Scott: So, Stuart, you’ve done, what, 15, 20 laps now? How has the simulator prepared you for actually driving the Ferrari on the track?
Stuart: So, first of all, circuit familiarity, to be able to get that time away from the circuit and pound round and do plenty of laps so we know which way the circuit is heading, that’s a major benefit to start off with. The software that we used is very, very close to the circuit layout, matching braking differences, speed and corner geometry so it’s very, very good indeed.
Scott: So you’re using Assetto Corsa software, right?
Stuart: Yeah, that’s right.
Scott: So I downloaded this as well because I wanted to practise the circuit as well. As I mentioned, I’ve never been here to the Valencia circuit, it’s one of the few tracks that I’ve not been to. And although it’s not a scanned circuit, it is very close, all the kerbs look the same, the bumps are in the right place, so you get that feeling that you get when you’re actually driving on the circuit. So we’re going to head out, we’re going to spend the rest of the day testing here at the track and we’ll come back a little bit later to see how close we really get to the sim time versus the time in the real world.
So we’re just at the end of the day, the end of our first test day here at Valencia. It’s actually the first test of the year for Stuart and I and we’ve done over 300 kilometres. So I just wanted to drop in with Stuart, he’s been doing the majority of the driving today and see actually how the sim feeling that you get in his simulator actually relates to the car.
Scott: So in terms of the braking in the rotation in the car, would you say that’s pretty similar?

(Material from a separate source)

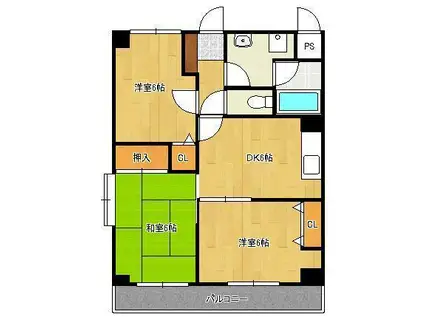 ジョイフル祇園桜通(3DK/6階)の間取り写真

Stuart: Yeah, I think it’s very, very close. Obviously, there are levels of grip and adhesion that can change throughout the day with weather conditions but I think it’s very, very close. I was running 139 eights on the sim, I’ve done 140 actually on circuit so it’s well within two-tenths of that time, which is quite close, isn’t it?
Scott: That’s amazing. Would you say that the difference between the sim and the track, we say all the minimum corner speeds in the corners, very similar, the gears are similar, the braking points are similar?
Stuart: Yeah, the gears certainly match the corners. There’s been no difference there at all pulling out the corners and certainly the geometry of apexes and how the actual track layout is. I mean you can tell by the physical and the sim times how close it is. It’s really, really close and very, very accurate indeed.
Scott: So one thing that we’re noticing here in the real world testing at the circuit is that the tyre wear and the way the balance changes from front to rear, the rears go off very, very quickly in the real world. So I wanted to ask Stuart about whether that actually is replicating where the tyre model is working like that in the simulation, whether it’s actually close to what we’re experiencing.
Stuart: Yeah, so, real-world, obviously, it’s a pretty heavy car, GT car, has quite a bit of power, punishes the rears quite heavily on a twisty circuit even more so. Again, remarkably that is matched on the sim. So the sim is obviously building that into the process and on a session, you are getting that tyre drop off the same as you would physically when you’re driving the car.
Scott: Yeah and I agree with that. I felt that experience from driving the sim as well and I mean, it just goes to show you that the sim isn’t just for learning circuits. You know, I often hear real-world drivers say, well, I just use it for learning circuits, but not much more. With working with Stuart on the sim and various other drivers, we’re discovering that actually the tyre models are so accurate now that we can work on when the balance disappears in the car as the tyres gradually degrade going through a session and also stuff on technique, on how you trail brake and building that rhythm as the driver and maximizing the performance of the car.